O fim de Portugal é universal II

Portugal transformou-se num sol, quente, coberto de fogo, vermelho e amarelo como as labaredas, cada vez menos verde como a sua bandeira. Não há que nos indignarmos, não existe surpresa suficiente para isso. Tudo isto é simples e cândida normalidade, a nossa banalidade, os nossos pés enterrados no quotidiano. Por isso, Portugal é uma estrela luminosa que consome os que cá vivem mas dá luz e vida a seres longínquos. Quem serão eles, visto que nós já sabemos quem somos?

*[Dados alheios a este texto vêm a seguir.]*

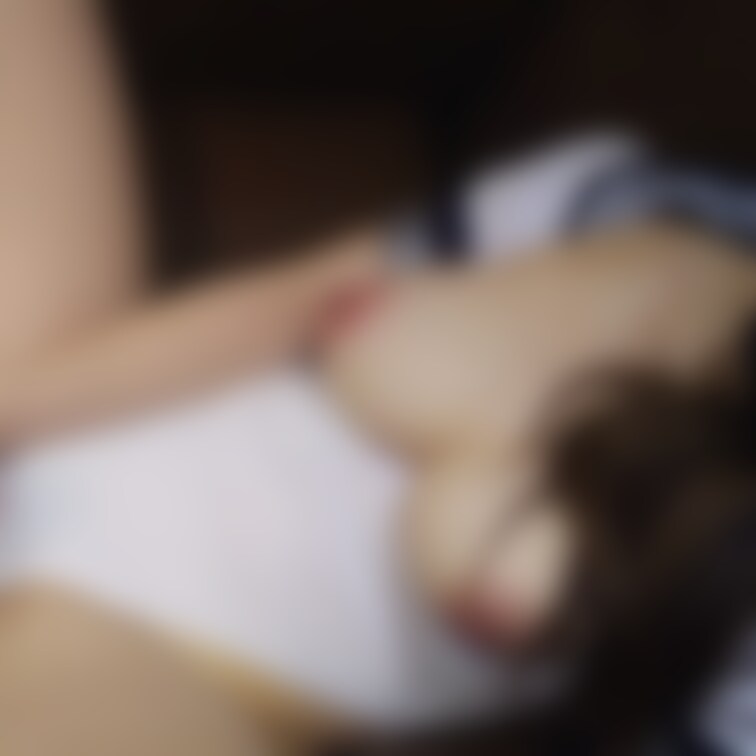 電マバイブでアソコを書きまわされ絶叫するように喘ぐ人妻ユキ。旦那には与えてもらえなかった快感に堕ち、イラマまで自ら望むよ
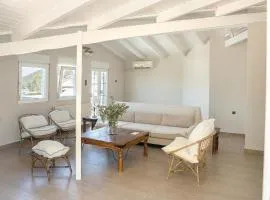 Comfortable Villa - 2min from the Beach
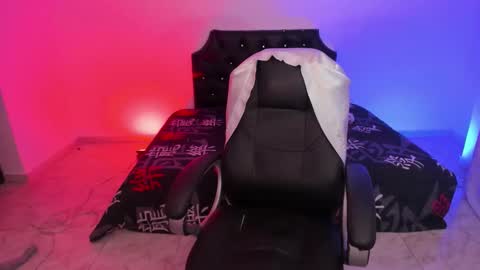 sharon_doll_ online show from October 2025 04:59:01 AM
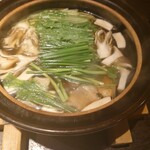 山紫御泊処 はなの舞 - 炙り鶏と牛アキレスの合わせ鍋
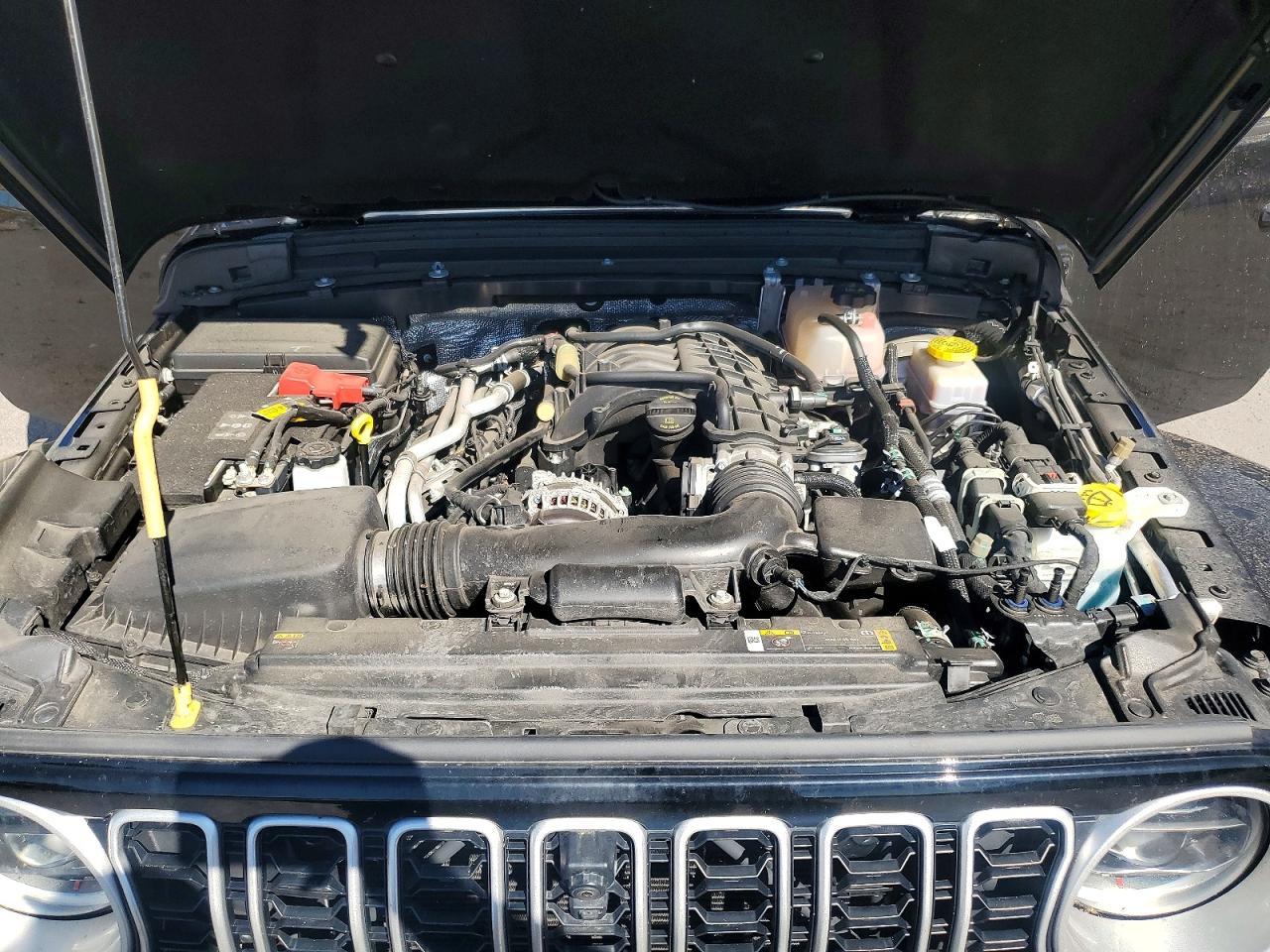 2024 Jeep Wrangler Sahara - zdjęcie 12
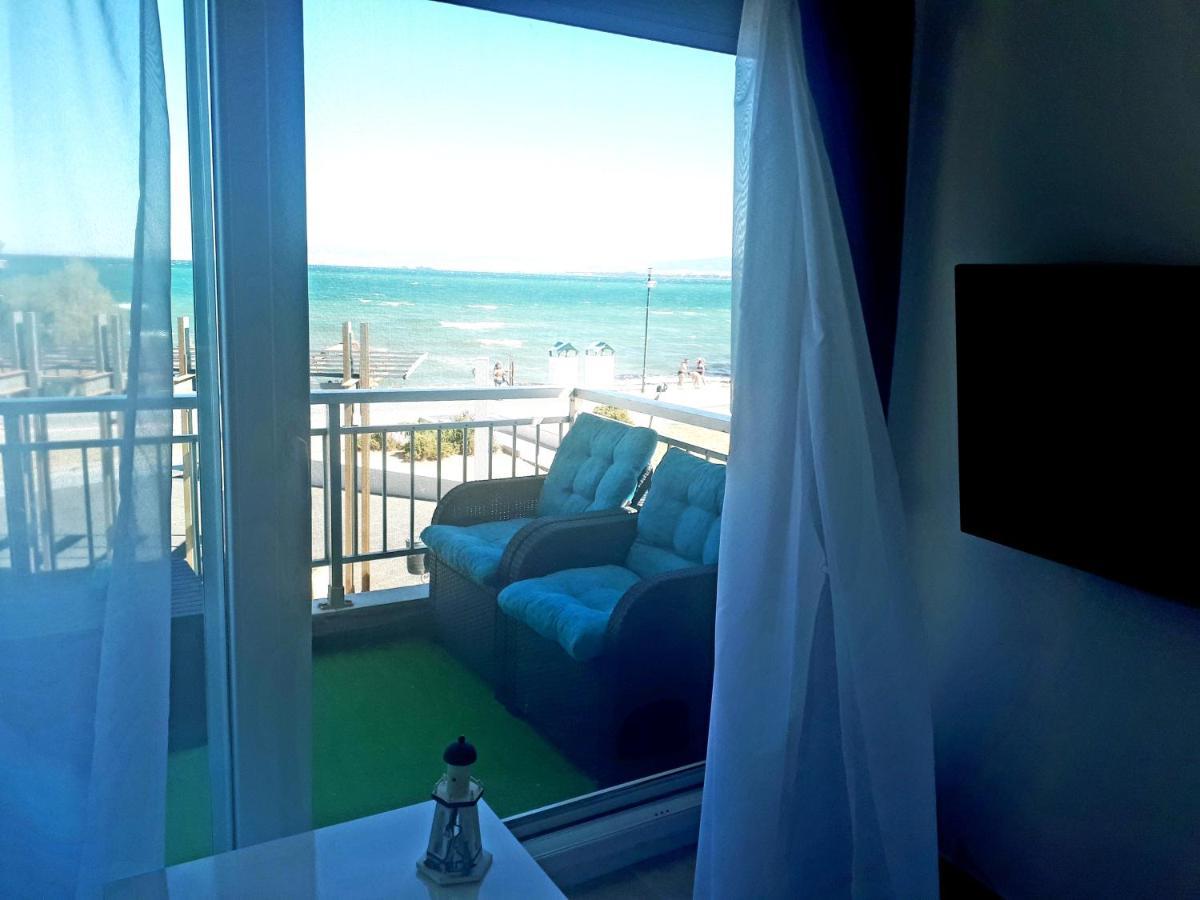 Sun Sea No 3 Apartment Peraía Екстериор снимка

quinta-feira, agosto 04, 2005

Vai parecendo que sempre existiu

Do acaso formou-se a vida e, com ela, a liberdade: o escape à contingência e à necessidade. Esta, se Deus não existiu, não sobreviveu também. Por isso, cada cruzamento foi uma confluência da qual, independente das suas causas, se formou a vontade humana. E podemos construir um destino? Julgo que sim. Mas de tectos baixos, rentes ao chão, numa sala onde rastejamos arrancando monumentalidades ao absurdo e gritando, todos os dias, que há um caminho. Este, à força de se traçar, vai parecendo que sempre existiu.

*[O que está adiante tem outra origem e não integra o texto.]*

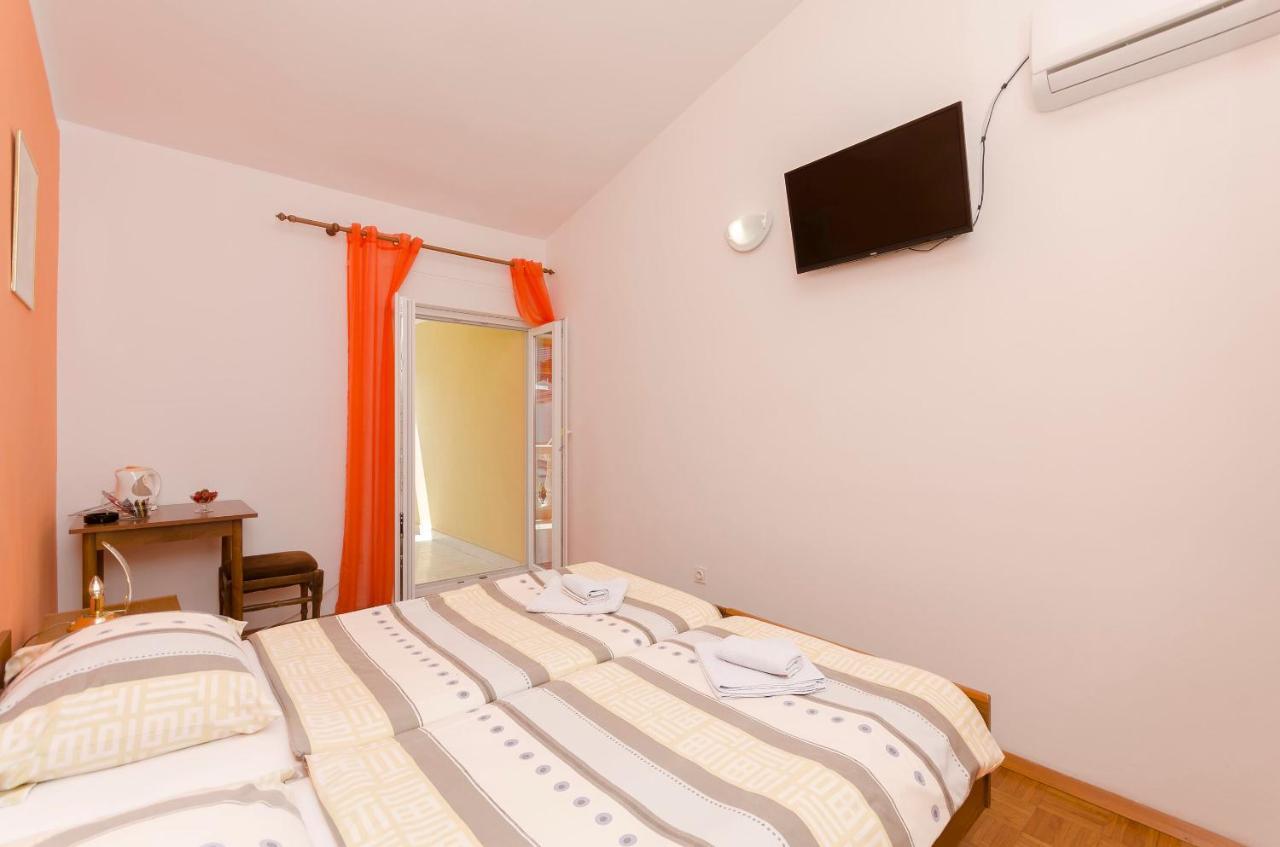 Apartments And Room Take It Easy Tribunj  Exterior photo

terça-feira, agosto 02, 2005

O homem do futuro VI

(e o universal?)
De facto, podemos vislumbrar um futuro em que um individualismo exacerbado faça voltear em seu torno uma idolatria pragmática: estritamente funcional de acordo com as necessidades da época e de cada indivíduo. Nesse sentido, será um Neo-Renascimento por também ser uma radicalização individualista da atenção ao Homem que o Renascimento original dedicou. Podemos ver aí a derradeira queda da crença numa verdade colectiva ou universal. Contudo, mesmo reconhecendo que o derrube da ousadia de ter uma visão universalista e metafísica da verdade é inevitável, o espaço colectivo de um acordo e diálogo - a existência de um sentido (consensual) universalista em vez de um fundamento universalista - continuará a ter lugar? Passaremos a viver sob uma lei minimalista, tipo liberal, como único contacto colectivo? Que construção mais que individual? Ou um controlo superior se encapotará de universalidade?

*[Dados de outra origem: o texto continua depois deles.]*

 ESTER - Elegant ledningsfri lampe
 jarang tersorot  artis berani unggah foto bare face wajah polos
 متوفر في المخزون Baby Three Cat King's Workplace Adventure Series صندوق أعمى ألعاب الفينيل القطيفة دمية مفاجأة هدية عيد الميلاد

segunda-feira, agosto 01, 2005

Agosto

Sob a fixidez luminosa de um sol tórrido, os automóveis avançam em fila na direcção do mar. O descanso no horizonte alimenta a proficuidade do trabalho. A cidade esvazia-se, a praia enche-se: simples transferência de cenário.Com um pouco de normalidade, as mesmas pessoas cruzam-se nos mesmos lugares de sempre. O cérebro avança de férias, o corpo escurece e espera levar de volta o escalpe moreno do ócio – um escalonador social. Fui, vi, fiz, e tenho prazer. Se, por azar, um dia as nuvens nos estragam a praia, pavoneamo-nos no centro comercial, existe um em todo o lado. Os mapas repetem-se, o calor aumenta, o trabalho espera uma maciça recarga e o corpo ejacula.